Who could argue with broadening Bloomberg's appeal? Actually, plenty of people inside the company do. The terminal business doesn't just work well; it works so well that legacy Bloomberg staffers argue against any initiative that distracts in the slightest. Journalism awards and nebulous influence don't bring in terminal subscribers. "There's a tug of war within the company—there are people inside who don't want to broaden, who say the core business is all we need, why waste our time," says one former Bloomberg executive. "The money is with the traders, but the influence lies well beyond the traders." Internally, staffers tell of tension between longtime Bloomberg News editor Matthew Winkler and Norman Pearlstine, a veteran of Time Inc. and The Wall Street Journal. Pearlstine was hired in 2008 to put a friendlier, more readable face on Bloomberg's content, which for years has been packaged for the addled brains of traders. (There is a blog, Strange Bloomberg Headlines, that compiles some of the more dada-esque keepers: "Fed Pays Lip Service to Beef to Skirt Ridicule"; "GE Beating S&P Sets Profit Goal After Immelt Decade Skirts Abyss.") A company spokesman says there is no tension between the two executives.

Incremental scoops that move a company's stock price are still the coin of the realm, but star imports like Daniel Golden, a Pulitzer winner at the Journal, are showing the dividends of more ambitious reporting. A team he led won a George Polk Award in February for an investigative series on for-profit colleges. Another blockbuster story on insurance companies profiting from the deaths of U.S. soldiers, by David Evans, was a finalist for a 2011 Pulitzer.

Events like the GOP primary debate in October are understood to be crucial chances to make a first impression with Americans who have never heard of Bloomberg. An estimated 1.3 million tuned in, a record high for Bloomberg TV. It was another successful foray into politics. More is coming: the company plans to cover the 2012 presidential campaign heavily and will spend lavishly at the party conventions. "I think the Bloomberg guys are very, very smart—and really wealthy. Some of the stuff they do down here I think is probably a rounding error on their books," says Robert Allbritton, the owner of Politico, another outlet that came out of nowhere to dominate news in Washington. "But you don't get wealthy making mistakes."

It's impossible to talk about the aspirations of Bloomberg the business without addressing Bloomberg the man: it is a company owned by a politician, buying companies that influence politicians. For the decade that he has been mayor of New York, he has been officially barred from determin- ing the direction of the company he founded. (Behind the scenes, he does have his say on top hires, acquisitions, and projects that pique his interest, like Bloomberg iPad apps.) When the mayor reenters civilian life on Jan. 1, 2014, his admirers believe his power will only grow.
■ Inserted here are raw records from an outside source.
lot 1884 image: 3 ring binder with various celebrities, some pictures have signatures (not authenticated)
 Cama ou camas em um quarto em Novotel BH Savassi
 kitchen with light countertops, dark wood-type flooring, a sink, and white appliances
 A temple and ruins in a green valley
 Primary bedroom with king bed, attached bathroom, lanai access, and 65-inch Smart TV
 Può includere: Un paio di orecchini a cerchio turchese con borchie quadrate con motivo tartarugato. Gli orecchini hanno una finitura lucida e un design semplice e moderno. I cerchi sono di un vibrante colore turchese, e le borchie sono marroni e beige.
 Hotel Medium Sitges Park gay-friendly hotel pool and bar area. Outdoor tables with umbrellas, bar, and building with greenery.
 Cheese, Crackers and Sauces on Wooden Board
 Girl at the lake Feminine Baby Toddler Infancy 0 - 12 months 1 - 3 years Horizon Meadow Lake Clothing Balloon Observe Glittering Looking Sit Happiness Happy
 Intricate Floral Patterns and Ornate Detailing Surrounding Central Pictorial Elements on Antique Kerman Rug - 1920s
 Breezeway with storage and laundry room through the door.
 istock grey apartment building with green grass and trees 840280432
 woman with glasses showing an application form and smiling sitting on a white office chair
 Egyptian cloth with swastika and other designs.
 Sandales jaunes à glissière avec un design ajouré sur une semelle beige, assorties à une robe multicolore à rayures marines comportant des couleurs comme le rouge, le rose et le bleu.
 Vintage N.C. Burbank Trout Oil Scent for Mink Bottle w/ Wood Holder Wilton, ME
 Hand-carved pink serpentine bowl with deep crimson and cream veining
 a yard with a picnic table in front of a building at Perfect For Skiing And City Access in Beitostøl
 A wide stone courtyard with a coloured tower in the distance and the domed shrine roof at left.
"City Hall holds him back. He stands to become something much larger after he leaves office," says Sheekey. "Mike Bloomberg has the ability to be the best parts of Bill Clinton, Rupert Murdoch, and Bill Gates all rolled up into one."

A statesman with a media empire and billions to give away: Michael Bloomberg has his own power apart from Bloomberg L.P. And while the company insists he will not return to active management, the man and the company remain entwined—from fish tanks to editorial judgment to real estate. Bloomberg Tower was supposed to be all the space the company would ever need in New York. In February, though, it leased an additional 400,000 square feet at a stately building on Park Avenue. Its previous occupant? Altria, the tobacco company, which left New York in part because of the Bloomberg administration's smoking ban. Where the logo of the mayor's foe once hung, you can expect to see his name.